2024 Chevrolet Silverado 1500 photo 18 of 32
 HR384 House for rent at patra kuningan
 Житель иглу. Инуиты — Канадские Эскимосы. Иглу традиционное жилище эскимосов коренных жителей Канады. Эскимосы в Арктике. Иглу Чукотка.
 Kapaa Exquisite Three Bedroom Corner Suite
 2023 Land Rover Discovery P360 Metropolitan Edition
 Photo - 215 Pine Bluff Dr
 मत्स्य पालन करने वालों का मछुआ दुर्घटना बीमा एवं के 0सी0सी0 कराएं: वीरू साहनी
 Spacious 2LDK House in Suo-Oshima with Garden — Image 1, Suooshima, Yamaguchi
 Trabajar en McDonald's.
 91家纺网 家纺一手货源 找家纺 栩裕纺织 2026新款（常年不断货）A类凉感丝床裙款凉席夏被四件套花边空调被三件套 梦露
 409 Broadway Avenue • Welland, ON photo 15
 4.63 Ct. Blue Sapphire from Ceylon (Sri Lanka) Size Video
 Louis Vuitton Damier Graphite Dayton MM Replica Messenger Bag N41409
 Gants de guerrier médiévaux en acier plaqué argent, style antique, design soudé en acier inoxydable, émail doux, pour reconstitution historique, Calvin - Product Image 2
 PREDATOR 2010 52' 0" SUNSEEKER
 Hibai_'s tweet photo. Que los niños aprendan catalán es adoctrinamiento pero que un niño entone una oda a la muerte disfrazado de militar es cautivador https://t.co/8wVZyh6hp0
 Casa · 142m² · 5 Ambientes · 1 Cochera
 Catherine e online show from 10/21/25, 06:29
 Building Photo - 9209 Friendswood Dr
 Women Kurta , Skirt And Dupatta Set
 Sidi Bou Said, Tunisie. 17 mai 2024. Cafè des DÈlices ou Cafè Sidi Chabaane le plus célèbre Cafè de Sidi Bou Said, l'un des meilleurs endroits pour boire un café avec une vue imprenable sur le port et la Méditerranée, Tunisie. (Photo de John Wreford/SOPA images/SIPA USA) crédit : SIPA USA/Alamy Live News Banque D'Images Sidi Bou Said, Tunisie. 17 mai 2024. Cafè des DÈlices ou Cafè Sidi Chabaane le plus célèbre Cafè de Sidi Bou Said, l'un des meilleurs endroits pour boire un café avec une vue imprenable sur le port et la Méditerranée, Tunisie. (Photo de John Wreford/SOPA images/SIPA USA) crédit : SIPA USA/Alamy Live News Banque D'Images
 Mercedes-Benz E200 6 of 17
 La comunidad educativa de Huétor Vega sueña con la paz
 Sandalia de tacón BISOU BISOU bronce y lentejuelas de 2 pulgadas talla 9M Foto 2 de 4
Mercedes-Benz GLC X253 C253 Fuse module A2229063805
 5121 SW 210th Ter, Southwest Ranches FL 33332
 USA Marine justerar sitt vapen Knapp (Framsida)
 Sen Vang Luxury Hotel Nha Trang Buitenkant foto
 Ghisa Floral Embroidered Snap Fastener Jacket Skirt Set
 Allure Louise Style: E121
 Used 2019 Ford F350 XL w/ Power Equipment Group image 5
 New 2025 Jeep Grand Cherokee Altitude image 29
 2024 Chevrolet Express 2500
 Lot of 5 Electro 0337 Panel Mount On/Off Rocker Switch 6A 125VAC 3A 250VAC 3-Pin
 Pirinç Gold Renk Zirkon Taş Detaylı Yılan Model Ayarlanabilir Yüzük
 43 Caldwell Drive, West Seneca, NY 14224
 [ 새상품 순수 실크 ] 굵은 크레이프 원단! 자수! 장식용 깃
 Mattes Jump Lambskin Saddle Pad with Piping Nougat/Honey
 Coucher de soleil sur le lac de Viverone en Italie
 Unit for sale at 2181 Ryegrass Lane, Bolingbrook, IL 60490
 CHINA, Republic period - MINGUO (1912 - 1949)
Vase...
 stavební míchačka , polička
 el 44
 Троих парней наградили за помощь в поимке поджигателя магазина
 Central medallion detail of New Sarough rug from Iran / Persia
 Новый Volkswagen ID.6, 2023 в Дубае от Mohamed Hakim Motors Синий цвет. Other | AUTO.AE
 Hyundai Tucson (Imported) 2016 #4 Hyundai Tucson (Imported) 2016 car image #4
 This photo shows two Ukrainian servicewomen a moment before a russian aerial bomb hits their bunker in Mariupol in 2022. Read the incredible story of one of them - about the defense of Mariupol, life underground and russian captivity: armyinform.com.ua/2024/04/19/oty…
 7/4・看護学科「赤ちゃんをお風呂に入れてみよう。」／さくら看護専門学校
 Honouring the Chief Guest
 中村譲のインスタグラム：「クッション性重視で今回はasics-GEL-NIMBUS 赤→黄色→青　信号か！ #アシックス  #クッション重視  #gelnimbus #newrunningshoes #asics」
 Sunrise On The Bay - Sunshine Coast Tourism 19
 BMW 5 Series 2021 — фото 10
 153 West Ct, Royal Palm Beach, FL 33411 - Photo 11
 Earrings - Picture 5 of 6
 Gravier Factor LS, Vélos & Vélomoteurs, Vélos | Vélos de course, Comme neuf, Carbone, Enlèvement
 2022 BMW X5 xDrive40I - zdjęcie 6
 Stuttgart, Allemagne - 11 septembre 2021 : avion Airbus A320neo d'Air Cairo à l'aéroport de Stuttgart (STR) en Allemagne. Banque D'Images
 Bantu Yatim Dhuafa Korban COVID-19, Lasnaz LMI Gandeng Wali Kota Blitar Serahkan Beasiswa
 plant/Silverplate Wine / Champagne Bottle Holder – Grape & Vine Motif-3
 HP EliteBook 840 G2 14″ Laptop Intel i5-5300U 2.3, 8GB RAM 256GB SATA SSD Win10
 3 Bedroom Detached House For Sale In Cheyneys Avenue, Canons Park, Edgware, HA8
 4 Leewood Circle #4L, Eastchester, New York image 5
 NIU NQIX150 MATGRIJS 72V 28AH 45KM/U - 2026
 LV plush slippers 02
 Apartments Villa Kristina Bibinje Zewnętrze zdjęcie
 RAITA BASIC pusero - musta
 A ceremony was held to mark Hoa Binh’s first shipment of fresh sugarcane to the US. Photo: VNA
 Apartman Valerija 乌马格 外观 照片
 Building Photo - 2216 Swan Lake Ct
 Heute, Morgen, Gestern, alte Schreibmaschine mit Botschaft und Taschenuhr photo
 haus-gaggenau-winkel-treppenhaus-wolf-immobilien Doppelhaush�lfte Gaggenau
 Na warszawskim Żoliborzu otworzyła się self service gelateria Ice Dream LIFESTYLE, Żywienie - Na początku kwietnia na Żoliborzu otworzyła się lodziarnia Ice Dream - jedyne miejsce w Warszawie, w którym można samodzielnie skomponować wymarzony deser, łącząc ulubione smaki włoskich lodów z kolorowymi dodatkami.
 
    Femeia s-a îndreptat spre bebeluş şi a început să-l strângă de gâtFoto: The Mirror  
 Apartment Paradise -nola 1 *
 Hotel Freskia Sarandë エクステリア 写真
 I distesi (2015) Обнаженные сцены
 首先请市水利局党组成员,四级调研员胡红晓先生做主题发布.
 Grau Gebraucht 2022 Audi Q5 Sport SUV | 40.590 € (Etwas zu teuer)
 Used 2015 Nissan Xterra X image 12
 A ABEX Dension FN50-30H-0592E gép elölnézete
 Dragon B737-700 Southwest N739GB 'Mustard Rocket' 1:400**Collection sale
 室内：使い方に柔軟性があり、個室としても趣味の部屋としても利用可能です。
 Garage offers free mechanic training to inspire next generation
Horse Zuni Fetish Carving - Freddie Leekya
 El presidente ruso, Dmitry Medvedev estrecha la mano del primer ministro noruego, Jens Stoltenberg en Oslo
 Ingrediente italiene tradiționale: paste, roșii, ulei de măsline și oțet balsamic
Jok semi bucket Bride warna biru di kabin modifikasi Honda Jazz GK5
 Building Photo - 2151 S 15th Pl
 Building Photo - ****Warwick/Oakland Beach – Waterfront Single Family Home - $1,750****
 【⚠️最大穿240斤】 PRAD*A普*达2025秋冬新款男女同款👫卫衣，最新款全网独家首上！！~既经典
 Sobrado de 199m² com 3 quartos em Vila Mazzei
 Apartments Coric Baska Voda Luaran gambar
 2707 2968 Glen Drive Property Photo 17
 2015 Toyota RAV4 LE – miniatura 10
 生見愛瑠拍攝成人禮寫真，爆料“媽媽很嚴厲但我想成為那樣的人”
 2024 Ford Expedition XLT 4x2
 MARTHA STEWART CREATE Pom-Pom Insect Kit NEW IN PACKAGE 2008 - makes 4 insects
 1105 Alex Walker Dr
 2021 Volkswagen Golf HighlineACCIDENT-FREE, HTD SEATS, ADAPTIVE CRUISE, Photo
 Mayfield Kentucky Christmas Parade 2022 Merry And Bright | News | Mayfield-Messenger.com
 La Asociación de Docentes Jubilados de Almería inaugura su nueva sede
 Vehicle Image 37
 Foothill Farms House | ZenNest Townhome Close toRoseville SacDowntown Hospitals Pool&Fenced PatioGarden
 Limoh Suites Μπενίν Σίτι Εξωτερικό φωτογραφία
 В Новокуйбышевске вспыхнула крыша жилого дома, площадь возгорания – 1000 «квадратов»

###

- _Task requirements_
In the listing above, find the line with "Gants de guerrier" and the line with "Women Kurta , Skirt And Dupatta Set". Output those two lines and every line between them, exactly as written.

- _Result of this task_
 Gants de guerrier médiévaux en acier plaqué argent, style antique, design soudé en acier inoxydable, émail doux, pour reconstitution historique, Calvin - Product Image 2
 PREDATOR 2010 52' 0" SUNSEEKER
 Hibai_'s tweet photo. Que los niños aprendan catalán es adoctrinamiento pero que un niño entone una oda a la muerte disfrazado de militar es cautivador https://t.co/8wVZyh6hp0
 Casa · 142m² · 5 Ambientes · 1 Cochera
 Catherine e online show from 10/21/25, 06:29
 Building Photo - 9209 Friendswood Dr
 Women Kurta , Skirt And Dupatta Set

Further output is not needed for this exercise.